Before I head to sleep tonight I'm going to kick off an emerge sync and emerge -u world to bring all of this up to current, hopefully that will help.

Any thoughts on the external mails getting rejected?

----------

## Solution_9

Do you need to use fetchmail if you use an email client? Like is fetchmail just used for a console based mail retriever?

----------

## Solution_9

This should be a simple question. Do i need to start courier-imapd for courier imapd-ssl to work? Im using Evolution, and i cannot connect to IMAP unless courier-imapd is running. Should this be happening? I have tried using domainname.com:993 for host also, but this does not work. When i telnet into  localhost under port 143, i can see a bunch of information on IMAP. Now when i telnet into localhost under port 993, i get in, but i do not see any info on IMAP.

Also, I cannot *succesfully* send or recieve any email.

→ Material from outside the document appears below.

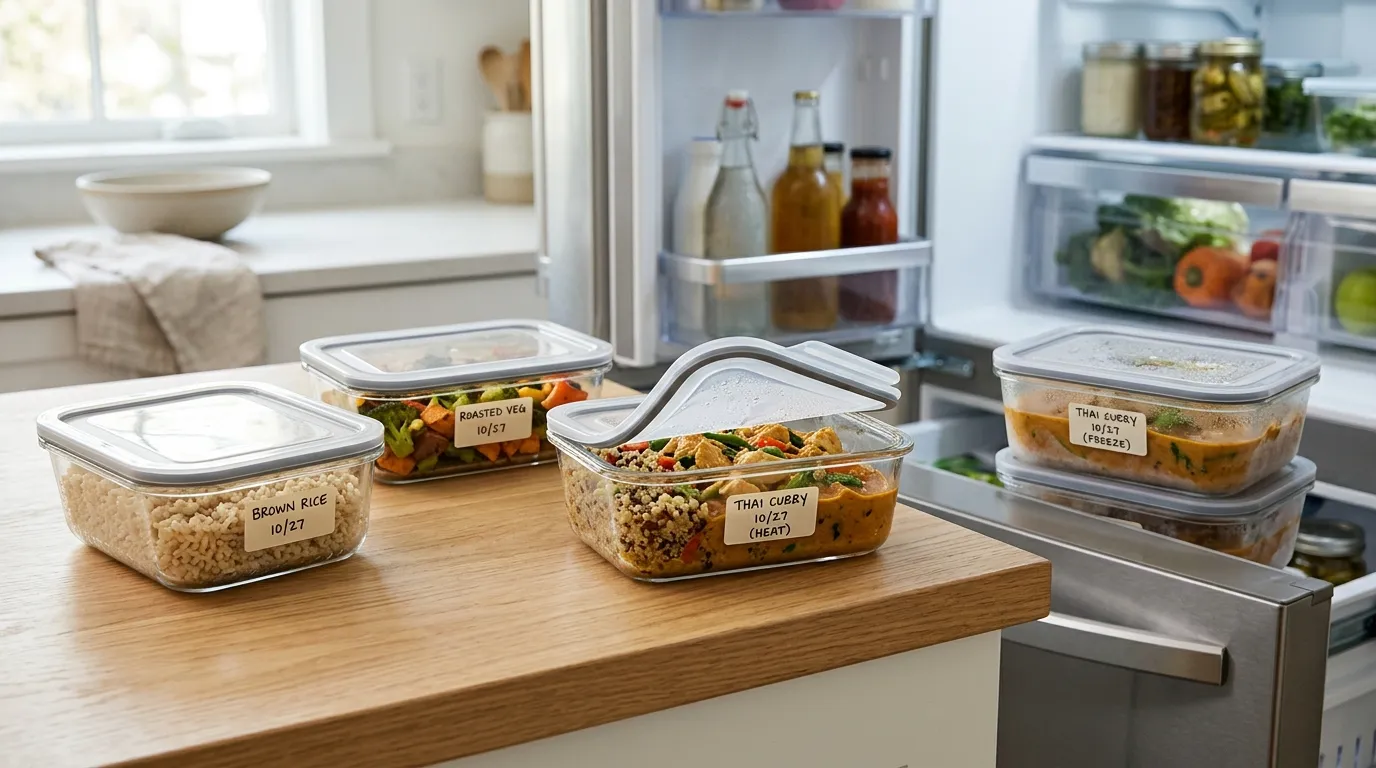Shallow meal-prep containers arranged for refrigerator and freezer storage with headspace and vented lids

When i try to send something, it shows it going through, but never actually reaches its destination.

Leave the second problem to be fixed at a later time. hehe.

----------

## Wilhelm

Maybe this is already known but here is a small tip:

When using sasl in combination courier-imap you can do the follwoing to store the passwords in the database in encrypted form.

Change MYSQL_CLEAR_PWFIELD to MYSQL_CRYPT_PWFIELD in /etc/courier-imap/authmysqlrc

You can now use ENCRYPT('(yourpasswordgoeshere)') in your mysql database to keep passwords in encrypted state. e.g. UPDATE user SET clear=ENCRYPT('mypassword') where clear=mypassword;

BTW I don't see what PAM is doing in the virtual mail system on the IMAP, POP3 and SMTP connections when SASL is authenticating it already.

----------

## Adamal

 *Solution_9 wrote:*   

> This should be a simple question. Do i need to start courier-imapd for courier imapd-ssl to work? Im using Evolution, and i cannot connect to IMAP unless courier-imapd is running. Should this be happening? I have tried using domainname.com:993 for host also, but this does not work. When i telnet into  localhost under port 143, i can see a bunch of information on IMAP. Now when i telnet into localhost under port 993, i get in, but i do not see any info on IMAP.
> 
> Also, I cannot *succesfully* send or recieve any email. When i try to send something, it shows it going through, but never actually reaches its destination.
> 
> Leave the second problem to be fixed at a later time. hehe.

 

For your first question yes you need to have courier-imapd running its the imap server.  For the second one you'll need to play with your postfix configuration.  I havn't given enough info to know what might be causing it.

----------

## Adamal

 *Solution_9 wrote:*   

> Do you need to use fetchmail if you use an email client? Like is fetchmail just used for a console based mail retriever?

 

Fetchmail downloads mail from other pop3 servers into your local mail account.  You then use imap to host those files.  If that is correct then yes you will need fetchmail.  Now if your using your mail client to talk directly to the pop3 servers then no and then what is the point of running imapd.

----------

## Solution_9

Well there is more reason to run IMAP then what you said. But im not using it for saving pop3 email. Im using it so my email isn't stored locally.

----------

## tms

How can you use IMAP to store emails from pop3 in a SQL database? I would prefer if the users were virtual too

----------

## Solution_9

From my knowledge

You can setup fetchmail to recieve the pop3 emails, and put them in the maildir folder. So everything is on the server. Every email message is accessible from anywhere, providing you have a method for loging into you account.

----------

## tms

Solution_9: My previous setup was local accounts storing mail in each users home directory, providing IMAP access.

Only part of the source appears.